Com pandemia, indústria perde ainda mais participação no PIB e agronegócio ganha protagonismo

O processo de desindustrialização da economia brasileira se acentuou com a pandemia do novo coronavírus. Levantamento do Instituto Brasileiro de Economia da Fundação Getulio Vargas (Ibre/FGV) mostra que a participação do setor manufatureiro no PIB (Produto Interno Bruto) atingiu novas mínimas históricas e que a indústria continua perdendo protagonismo na economia brasileira.

O peso da indústria de transformação (que reúne todo o setor manufatureiro) caiu de 11,79% do PIB em 2019 para 11,30% em 2020, se mantendo nesse patamar no 1º trimestre de 2021. Trata-se do menor percentual desde 1947, ano em que se inicia a série histórica das contas nacionais calculadas pelo Instituto Brasileiro de Geografia e Estatística (IBGE).

série mostra que a indústria vem sofrendo um retrocesso quase contínuo desde o início dos anos 2000, evidenciando tanto as dificuldades de competitividade como também de recuperação das perdas provocadas pela crise da Covid-19. No melhor momento, em 1985, o peso do setor manufatureiro chegou a 24,5% do PIB. Ou seja, de lá para cá a participação encolheu para menos da metade de sua máxima histórica. Veja no gráfico abaixo:

Indústria de transformação perde participação no PIB — Foto: Economia G1

Já a participação da indústria geral (que inclui também extrativa, construção civil e atividades de energia e saneamento) no PIB caiu de 21,4% em 2019 para 20,4% em 2020 e nos 3 primeiros meses deste ano – também nova mínima.

O levantamento, elaborada pela economista Silvia Matos, mostra a evolução da participação dos diferentes setores no PIB brasileiro, excluídos os impostos, utilizando a metodologia de preços correntes corrigidos.
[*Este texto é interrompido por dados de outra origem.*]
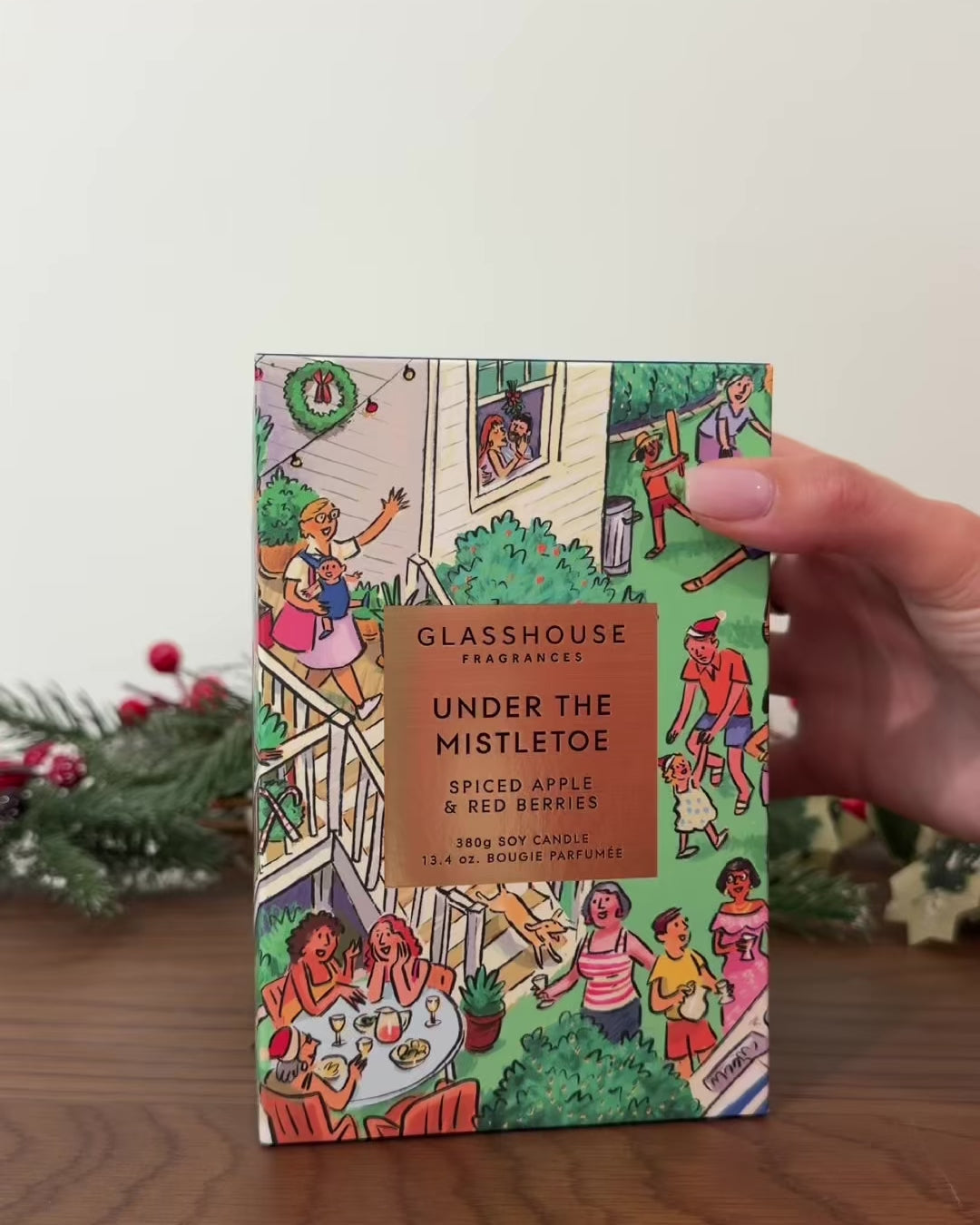 Under The Mistletoe 380g Candle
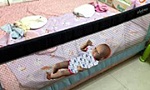 Bé gái tử vong do ngạt vì kẹt khe giường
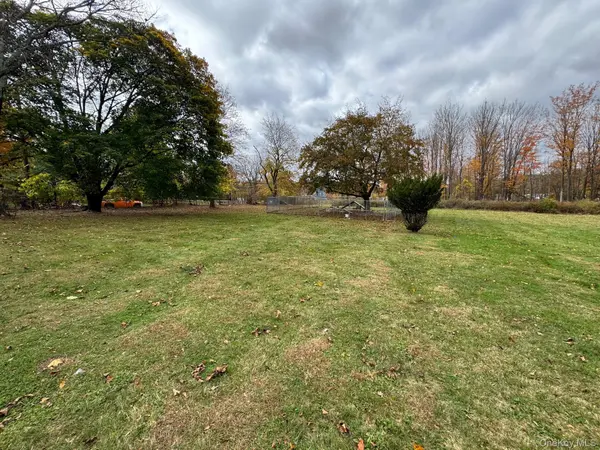 940 Little Britain RD, New Windsor, NY 12553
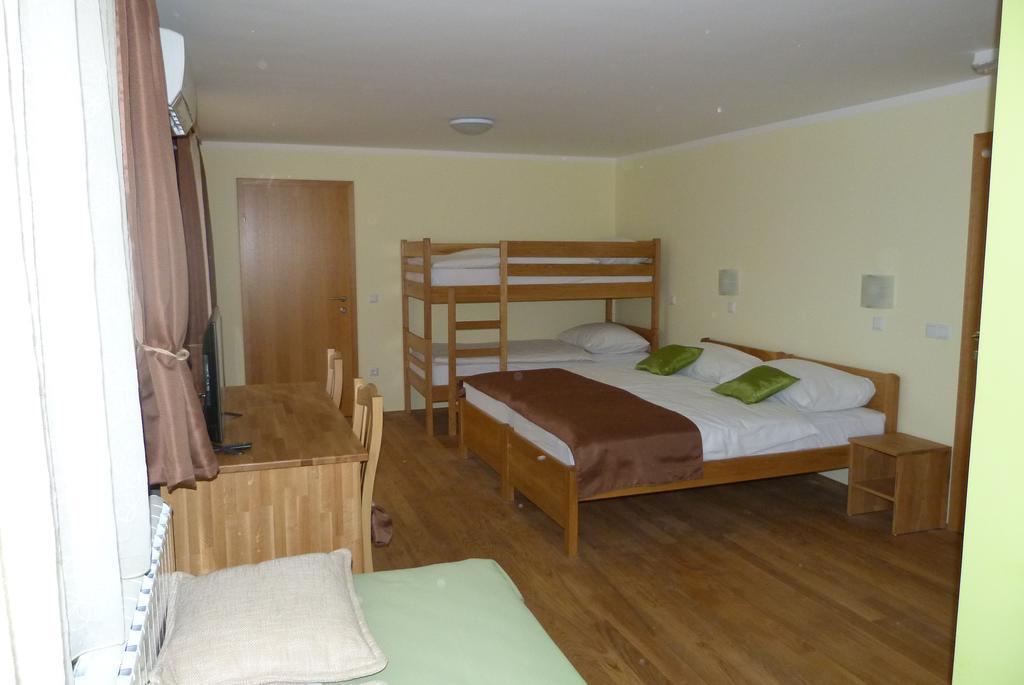 Guest House Eco Vila Mila روغاسكا سْلاتِنا المظهر الخارجي الصورة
Agro ganha protagonismo com crise da Covid-19

A perda de relevância da indústria no PIB é um fenômeno mundial e estrutural. Nas últimas décadas, em diversos países do mundo, a diminuição do peso do setor manufatureiro tem sido acompanhada por um avanço de setores de serviços destinados a atender uma demanda cada vez maior por atividades como serviços de tecnologia e informação, serviços pessoais, de saúde e educação.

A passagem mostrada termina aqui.